TASK PROMPT :: Repeat word for word the line with "[Aquazzura] Aquazzura - Destiny" and every line after it until the records below run out.

Crawled caption data ::

++++++

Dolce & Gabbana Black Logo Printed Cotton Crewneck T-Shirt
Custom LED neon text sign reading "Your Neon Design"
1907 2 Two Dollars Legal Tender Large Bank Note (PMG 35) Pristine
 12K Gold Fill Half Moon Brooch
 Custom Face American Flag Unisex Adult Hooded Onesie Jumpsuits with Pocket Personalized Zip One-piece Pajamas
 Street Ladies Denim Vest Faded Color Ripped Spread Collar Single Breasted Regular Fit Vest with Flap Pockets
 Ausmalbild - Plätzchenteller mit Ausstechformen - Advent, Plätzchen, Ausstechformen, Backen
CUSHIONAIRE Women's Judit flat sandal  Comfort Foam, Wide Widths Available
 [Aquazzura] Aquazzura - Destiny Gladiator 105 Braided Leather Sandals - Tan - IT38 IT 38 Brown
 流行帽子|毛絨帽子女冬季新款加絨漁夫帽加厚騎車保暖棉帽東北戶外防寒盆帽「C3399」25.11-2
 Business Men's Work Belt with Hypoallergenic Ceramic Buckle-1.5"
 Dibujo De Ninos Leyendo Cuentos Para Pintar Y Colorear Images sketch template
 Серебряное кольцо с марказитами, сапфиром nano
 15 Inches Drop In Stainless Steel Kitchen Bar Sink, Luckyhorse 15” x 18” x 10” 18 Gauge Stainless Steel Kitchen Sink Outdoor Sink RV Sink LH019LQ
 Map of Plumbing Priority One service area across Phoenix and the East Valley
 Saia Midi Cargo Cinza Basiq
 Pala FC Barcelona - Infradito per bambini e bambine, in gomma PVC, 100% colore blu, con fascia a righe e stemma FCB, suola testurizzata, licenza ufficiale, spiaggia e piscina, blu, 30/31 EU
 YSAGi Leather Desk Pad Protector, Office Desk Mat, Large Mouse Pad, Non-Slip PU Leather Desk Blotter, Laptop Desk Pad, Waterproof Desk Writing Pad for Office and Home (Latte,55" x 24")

++++++

YOUR SOLUTION ::
 [Aquazzura] Aquazzura - Destiny Gladiator 105 Braided Leather Sandals - Tan - IT38 IT 38 Brown
 流行帽子|毛絨帽子女冬季新款加絨漁夫帽加厚騎車保暖棉帽東北戶外防寒盆帽「C3399」25.11-2
 Business Men's Work Belt with Hypoallergenic Ceramic Buckle-1.5"
 Dibujo De Ninos Leyendo Cuentos Para Pintar Y Colorear Images sketch template
 Серебряное кольцо с марказитами, сапфиром nano
 15 Inches Drop In Stainless Steel Kitchen Bar Sink, Luckyhorse 15” x 18” x 10” 18 Gauge Stainless Steel Kitchen Sink Outdoor Sink RV Sink LH019LQ
 Map of Plumbing Priority One service area across Phoenix and the East Valley
 Saia Midi Cargo Cinza Basiq
 Pala FC Barcelona - Infradito per bambini e bambine, in gomma PVC, 100% colore blu, con fascia a righe e stemma FCB, suola testurizzata, licenza ufficiale, spiaggia e piscina, blu, 30/31 EU
 YSAGi Leather Desk Pad Protector, Office Desk Mat, Large Mouse Pad, Non-Slip PU Leather Desk Blotter, Laptop Desk Pad, Waterproof Desk Writing Pad for Office and Home (Latte,55" x 24")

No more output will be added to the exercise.